Si domanda ai giovani sacrifici spropositati, quali olocausti viventi immolati in nome del dio-danaro sull’altare sacrilego dei maghi della finanza; pedine della partita a scacchi giocata dai grandi numeri della finanza mondiale. Il rischio è che la statistica riduca tutto a numero. Anche le persone. E le loro vicissitudini messe fra parentesi di operazioni numeriche, che per comprenderle non basta nemmeno uno sforzo di astrazione mentale! I giovani, vittime degli squali dell’alta finanza, esautorati deprivati declassati depauperati, non abbracciano però, quale contrappasso inevitabile della crisi economica, la croce funesta di una vita ai margini, quasi una concezione minimalista, perché invece si ergono a protagonisti non appiattiti, esercitando il loro diritto alla protesta.

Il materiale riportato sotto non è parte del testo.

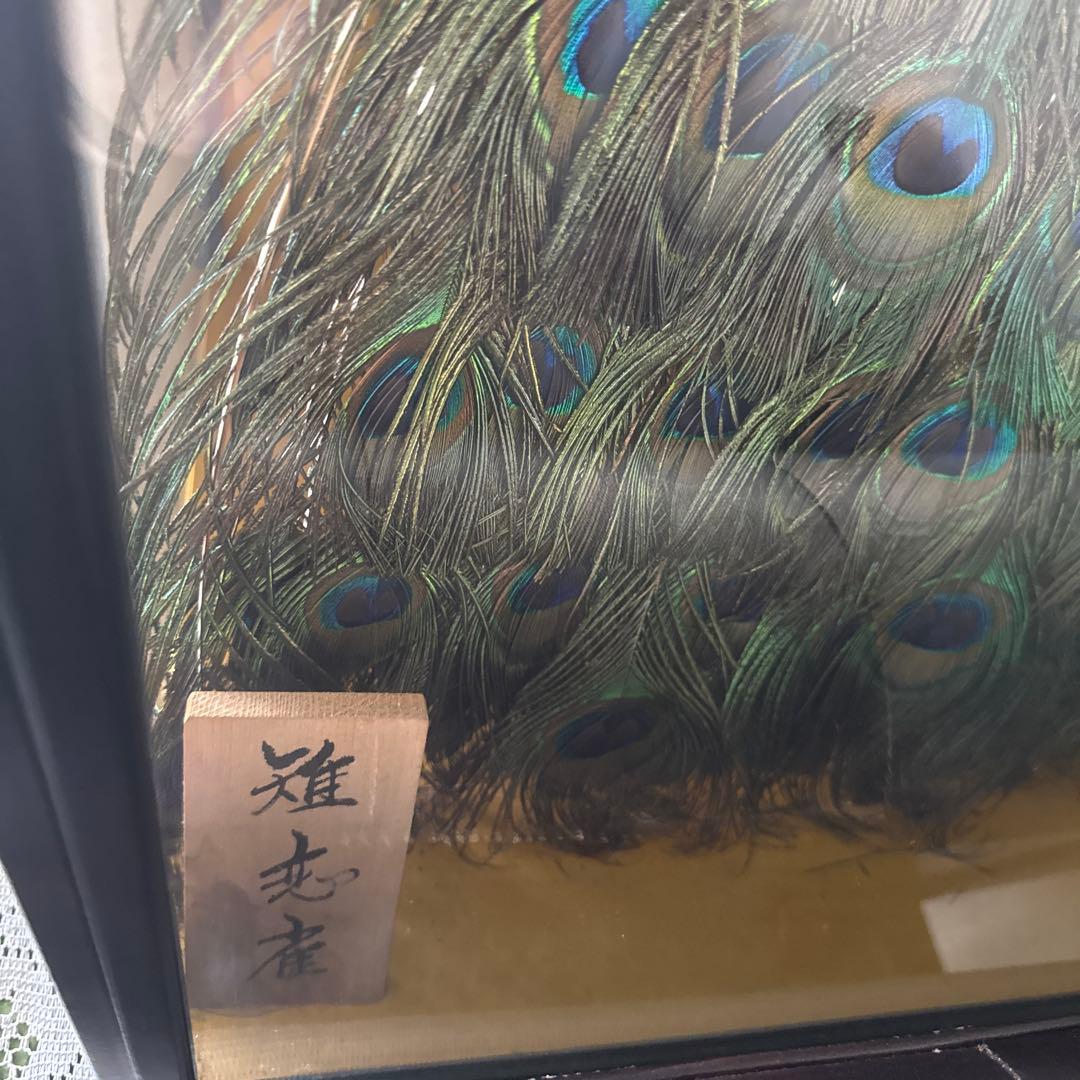 くじゃくの剥製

La massima Kantiana “L’uomo come fine e mai come mezzo” dovrebbe insegnare alle persone ai posti di comando qualcosa in merito alla loro missione, che contempla appunto l’uomo, non reificato, ma inteso come ethos di qualsiasi teoria del vivere. I giovani nel microsolco del disco dell’economia mondiale in crisi, consci dei torti dei grandi, dei privilegi della casta, agiscono tempestivamente in funzione del presente come naviganti che hanno buttato a mare le zavorre del passato: il rimpianto di un posto di lavoro. Squalificati dal lavoro, la loro libertà di pensiero e di azione li qualifica ai propri occhi e agli occhi del mondo – che cerca d’ignorarli, imbavagliati da un consumismo come goffo conato di blandire le coscienze ed estrema mistificazione sociale, a dirci che la disparità economica proprio non esiste – rendendoli diversi e mutandoli in meglio.
“Nella meglio gioventù”! Non più clack plaudente le scenette grottesche solipsistiche dei grandi dell’olimpo, tappezzeria inerme che vegeta ignara, scelgono di essere legislatori-attori non potendo più sfuggire alla propria totale e profonda responsabilità, capace di suscitare anche nelle coscienze sopite, l’esigenza della libertà e dell’impegno. E laddove non fosse possibile del ritegno. Perché è sano, e ci piace! Questo il valore e il nerbo della loro esistenza. Perché i giovani, dai sit-in in poi, assiepati nelle piazze, a distanza di un anno, hanno prodotto opinioni, fatto la storia, incapaci a sopravvive da persone ragionevoli in un serraglio di pecore laureate. E, soprattutto, mai sulla difensiva al riparo da qualsiasi altisonante illusione seppur “tecnica”. Perché faber del loro destino!